- Dataset entries
··········

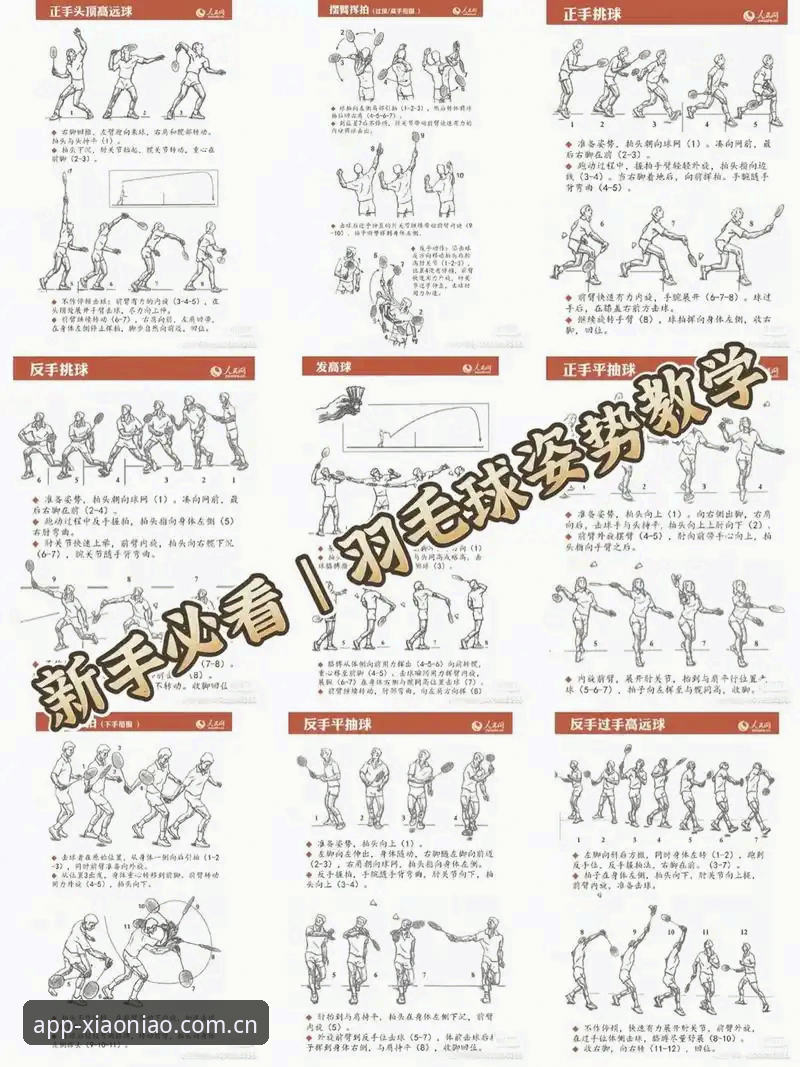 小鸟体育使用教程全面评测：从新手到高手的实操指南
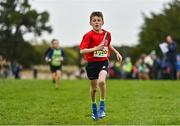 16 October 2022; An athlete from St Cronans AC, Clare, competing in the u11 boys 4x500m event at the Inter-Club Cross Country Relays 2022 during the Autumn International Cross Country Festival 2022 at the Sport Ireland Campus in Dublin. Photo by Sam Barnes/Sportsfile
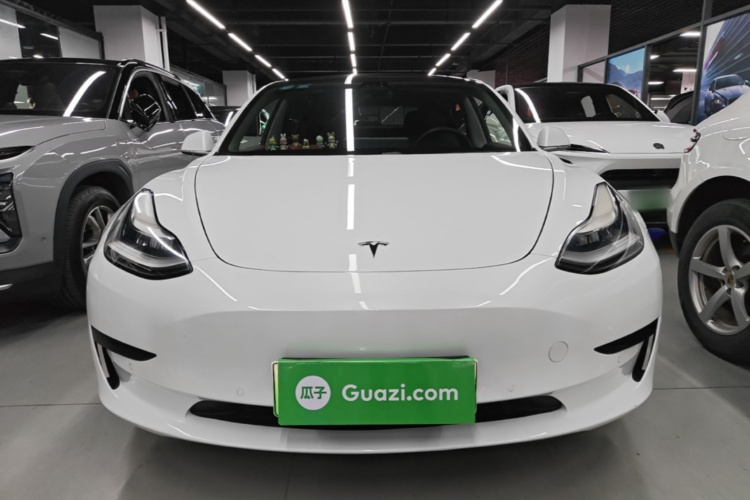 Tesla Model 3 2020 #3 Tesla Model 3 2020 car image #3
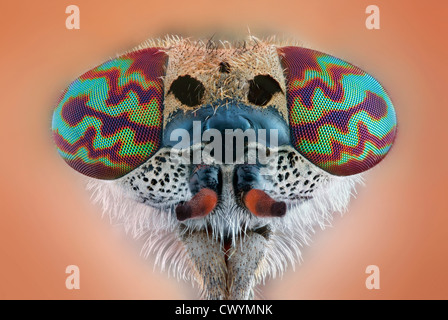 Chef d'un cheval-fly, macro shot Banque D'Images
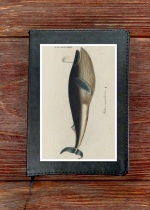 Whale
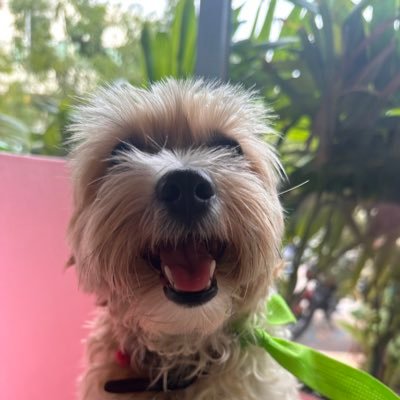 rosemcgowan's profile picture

··········

- Assigned task
Print, word for word, every entry shown above; the pictures stay out.

- Answer for the task
 小鸟体育使用教程全面评测：从新手到高手的实操指南
 16 October 2022; An athlete from St Cronans AC, Clare, competing in the u11 boys 4x500m event at the Inter-Club Cross Country Relays 2022 during the Autumn International Cross Country Festival 2022 at the Sport Ireland Campus in Dublin. Photo by Sam Barnes/Sportsfile
 Tesla Model 3 2020 #3 Tesla Model 3 2020 car image #3
 Chef d'un cheval-fly, macro shot Banque D'Images
 Whale
 rosemcgowan's profile picture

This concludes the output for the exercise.